Según un comentario de Mario Vargas Llosa, “en nuestros días, sólo en ciertos países musulmanes fundamentalistas la religión absorbe a tanta gente y por tanto tiempo como en la patria de Walt Whitman”. Las fiestas sacras de los mormones, en su escenificación de El libro del mormón, no vacilan en apelar a un espectáculo coreográfico que no ahorra efectos especiales para educar a sus fieles con la música de Rocky. A ver si se entiende: un Woodstock gigantesco, pero con familias y chicos lookeados como empleados del mes en lugar de la ropa hippie, la fragancia del patchouli y la marihuana. En Por mandato del cielo hay tácitamente una lectura de lo norteamericano que va más allá de las citas: William James y Harold Bloom. Con su libro, Krakauer refiere por elevación las fobias que han recorrido la literatura norteamericana desde sus comienzos, una franja que puede iniciarse con Herman Melville (Moby Dick como texto demonológico) y alcanza en la actualidad a Stephen King (sus novelas de terror como representaciones del castigo). Krakauer no ha trazado sólo el itinerario religioso y político de los mormones. Porque este ensayo, por vía subterránea y complementaria, describe además la incidencia de una ideología que se expresa en una narrativa donde el reflejo de lo social proviene muchas veces de un eticismo que divulga la presupuesta lucha entre el Bien y el Mal.

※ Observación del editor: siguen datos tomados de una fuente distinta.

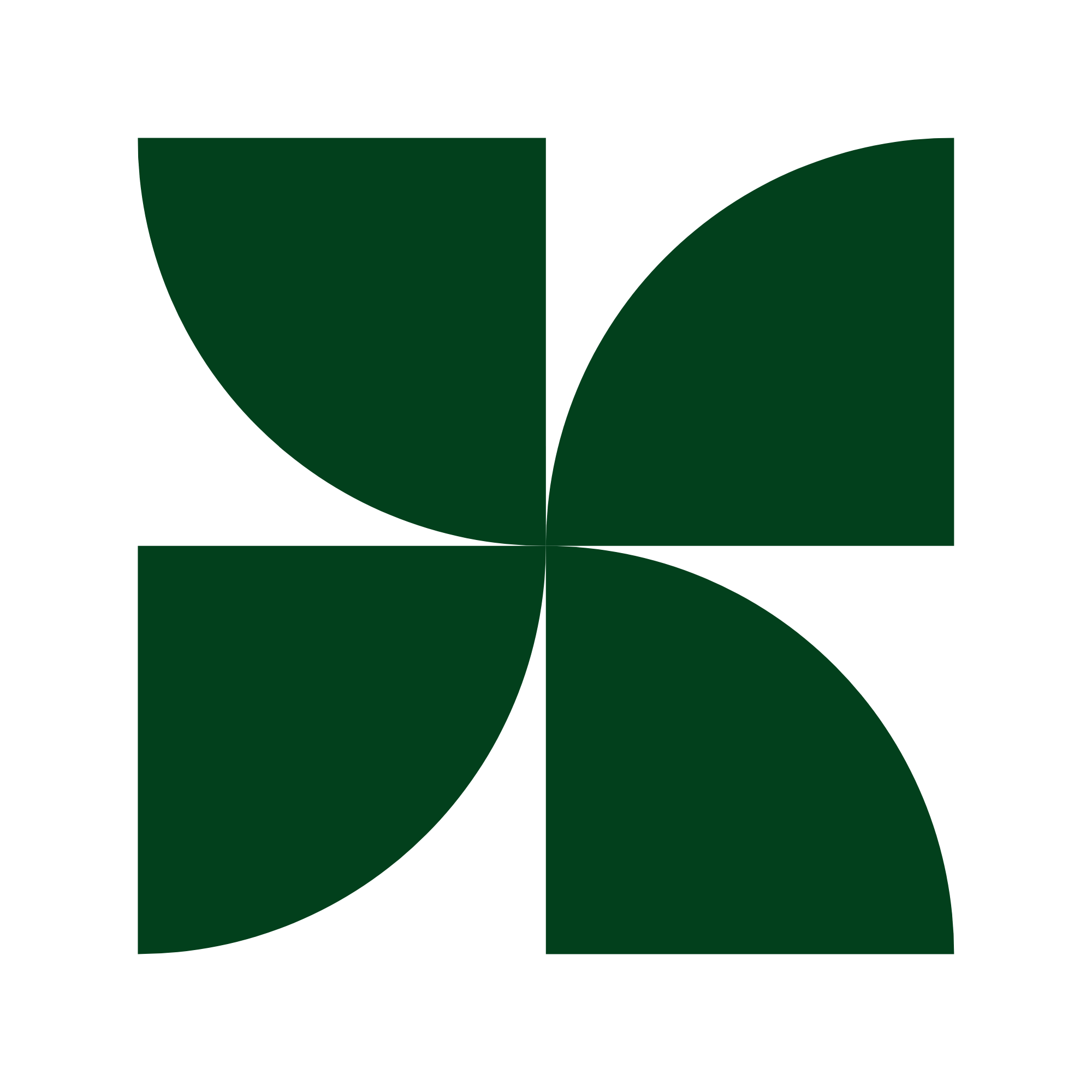 A green simple pinwheel style icon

Casi sobre el final, Krakauer describe: “Este es un país presidido por un presidente cristiano evangélico, George W. Bush, quien cree que él es un instrumento de Dios y define a las relaciones internacionales como un enfrentamiento bíblico entre las fuerzas del bien y del mal. El oficial jurídico más importante del país, el fiscal general John Ashcroft, es un seguidor a ultranza de una secta fundamentalista cristiana –las Asambleas Pentecostales de Dios–, que comienza cada día de trabajo en el Departamento de Justicia con una reunión de oración con su staff, se hace ungir periódicamente con óleo sagrado y suscribe una vívida visión apocalíptica del mundo que tiene mucho en común con las creencias milenaristas de los hermanos Lafferty y los residentes de Colorado City. El presidente, el fiscal general y otros líderes nacionales imploran con frecuencia al pueblo estadounidense que tengan fe en el poder de la oración, y que confíen en la voluntad de Dios. Eso es precisamente lo que hacíamos, dicen tanto Dan como Ron Lafferty, cuando derramaron tanta sangre en American Fork, el 24 de julio de 1984”.

Por mandato del cielo.
Jon Krakauer,
Traducción de Carlos D. Schroeder,
Colección Hechos reales, Emecé, 351 páginas.